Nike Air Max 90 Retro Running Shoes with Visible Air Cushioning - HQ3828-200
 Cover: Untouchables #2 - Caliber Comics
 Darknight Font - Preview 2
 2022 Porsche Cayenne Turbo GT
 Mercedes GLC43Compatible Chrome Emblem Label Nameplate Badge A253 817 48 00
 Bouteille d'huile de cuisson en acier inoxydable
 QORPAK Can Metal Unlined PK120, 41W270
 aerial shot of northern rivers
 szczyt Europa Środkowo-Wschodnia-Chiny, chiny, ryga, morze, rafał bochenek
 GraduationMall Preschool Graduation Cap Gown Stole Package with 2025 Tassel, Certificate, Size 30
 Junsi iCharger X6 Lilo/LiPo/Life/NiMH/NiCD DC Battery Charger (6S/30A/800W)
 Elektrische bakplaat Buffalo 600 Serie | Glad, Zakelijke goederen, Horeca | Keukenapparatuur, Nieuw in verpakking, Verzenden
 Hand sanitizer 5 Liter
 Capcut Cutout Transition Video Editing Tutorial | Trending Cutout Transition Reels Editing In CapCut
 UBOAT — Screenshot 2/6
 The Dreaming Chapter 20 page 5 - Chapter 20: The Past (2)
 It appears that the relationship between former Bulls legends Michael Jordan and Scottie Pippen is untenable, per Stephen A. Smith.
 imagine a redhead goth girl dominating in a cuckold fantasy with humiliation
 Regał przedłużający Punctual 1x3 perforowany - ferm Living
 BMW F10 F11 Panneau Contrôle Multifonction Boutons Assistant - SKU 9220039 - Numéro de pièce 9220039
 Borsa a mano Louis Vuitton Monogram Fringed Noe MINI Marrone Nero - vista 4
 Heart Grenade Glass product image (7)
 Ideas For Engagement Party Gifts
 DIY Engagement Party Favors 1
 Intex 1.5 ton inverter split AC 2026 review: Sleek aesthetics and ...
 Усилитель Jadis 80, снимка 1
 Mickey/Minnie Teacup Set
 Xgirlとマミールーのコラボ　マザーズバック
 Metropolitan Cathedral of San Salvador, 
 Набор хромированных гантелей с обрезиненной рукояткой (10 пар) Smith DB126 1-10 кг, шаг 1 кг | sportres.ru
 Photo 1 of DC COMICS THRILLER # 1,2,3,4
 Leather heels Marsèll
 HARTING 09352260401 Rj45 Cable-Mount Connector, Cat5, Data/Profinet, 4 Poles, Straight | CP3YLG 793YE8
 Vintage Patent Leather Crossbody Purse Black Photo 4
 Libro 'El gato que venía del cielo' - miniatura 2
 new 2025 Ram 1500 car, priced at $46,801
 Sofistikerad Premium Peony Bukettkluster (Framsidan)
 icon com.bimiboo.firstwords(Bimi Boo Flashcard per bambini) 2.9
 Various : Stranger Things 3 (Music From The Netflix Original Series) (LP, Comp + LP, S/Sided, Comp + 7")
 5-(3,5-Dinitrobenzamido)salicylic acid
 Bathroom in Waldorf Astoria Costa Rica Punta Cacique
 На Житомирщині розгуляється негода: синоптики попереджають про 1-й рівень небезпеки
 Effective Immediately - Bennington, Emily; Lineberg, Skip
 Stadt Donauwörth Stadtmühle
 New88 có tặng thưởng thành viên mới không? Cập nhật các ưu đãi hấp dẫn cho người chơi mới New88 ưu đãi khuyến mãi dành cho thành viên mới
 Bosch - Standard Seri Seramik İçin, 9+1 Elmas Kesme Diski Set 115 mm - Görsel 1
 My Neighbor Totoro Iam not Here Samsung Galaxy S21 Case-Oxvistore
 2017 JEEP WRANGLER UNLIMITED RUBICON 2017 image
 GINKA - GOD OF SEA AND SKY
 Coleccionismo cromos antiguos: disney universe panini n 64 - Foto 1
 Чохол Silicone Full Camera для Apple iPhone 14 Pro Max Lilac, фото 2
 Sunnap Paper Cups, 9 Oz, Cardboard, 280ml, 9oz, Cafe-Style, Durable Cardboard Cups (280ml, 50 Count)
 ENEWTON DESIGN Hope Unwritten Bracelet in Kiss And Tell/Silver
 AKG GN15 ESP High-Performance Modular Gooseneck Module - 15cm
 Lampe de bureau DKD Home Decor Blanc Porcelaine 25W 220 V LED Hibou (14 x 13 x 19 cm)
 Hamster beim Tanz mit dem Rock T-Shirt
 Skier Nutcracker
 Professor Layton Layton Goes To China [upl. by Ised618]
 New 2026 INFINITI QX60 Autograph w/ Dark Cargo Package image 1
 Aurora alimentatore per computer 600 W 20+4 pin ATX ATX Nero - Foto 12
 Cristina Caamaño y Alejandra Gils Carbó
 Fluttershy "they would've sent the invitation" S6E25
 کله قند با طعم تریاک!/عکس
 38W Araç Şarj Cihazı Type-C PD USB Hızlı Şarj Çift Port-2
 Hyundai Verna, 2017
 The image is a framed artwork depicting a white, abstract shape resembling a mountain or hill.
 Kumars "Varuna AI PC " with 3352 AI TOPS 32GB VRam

----------------

Reproduce, word for word and in full, only the lines above that start at the line with "It appears that" and run through the line with "Stadt Donauwörth Stadtmühle", both ends included.

(RESPONSE BOX):
 It appears that the relationship between former Bulls legends Michael Jordan and Scottie Pippen is untenable, per Stephen A. Smith.
 imagine a redhead goth girl dominating in a cuckold fantasy with humiliation
 Regał przedłużający Punctual 1x3 perforowany - ferm Living
 BMW F10 F11 Panneau Contrôle Multifonction Boutons Assistant - SKU 9220039 - Numéro de pièce 9220039
 Borsa a mano Louis Vuitton Monogram Fringed Noe MINI Marrone Nero - vista 4
 Heart Grenade Glass product image (7)
 Ideas For Engagement Party Gifts
 DIY Engagement Party Favors 1
 Intex 1.5 ton inverter split AC 2026 review: Sleek aesthetics and ...
 Усилитель Jadis 80, снимка 1
 Mickey/Minnie Teacup Set
 Xgirlとマミールーのコラボ　マザーズバック
 Metropolitan Cathedral of San Salvador, 
 Набор хромированных гантелей с обрезиненной рукояткой (10 пар) Smith DB126 1-10 кг, шаг 1 кг | sportres.ru
 Photo 1 of DC COMICS THRILLER # 1,2,3,4
 Leather heels Marsèll
 HARTING 09352260401 Rj45 Cable-Mount Connector, Cat5, Data/Profinet, 4 Poles, Straight | CP3YLG 793YE8
 Vintage Patent Leather Crossbody Purse Black Photo 4
 Libro 'El gato que venía del cielo' - miniatura 2
 new 2025 Ram 1500 car, priced at $46,801
 Sofistikerad Premium Peony Bukettkluster (Framsidan)
 icon com.bimiboo.firstwords(Bimi Boo Flashcard per bambini) 2.9
 Various : Stranger Things 3 (Music From The Netflix Original Series) (LP, Comp + LP, S/Sided, Comp + 7")
 5-(3,5-Dinitrobenzamido)salicylic acid
 Bathroom in Waldorf Astoria Costa Rica Punta Cacique
 На Житомирщині розгуляється негода: синоптики попереджають про 1-й рівень небезпеки
 Effective Immediately - Bennington, Emily; Lineberg, Skip
 Stadt Donauwörth Stadtmühle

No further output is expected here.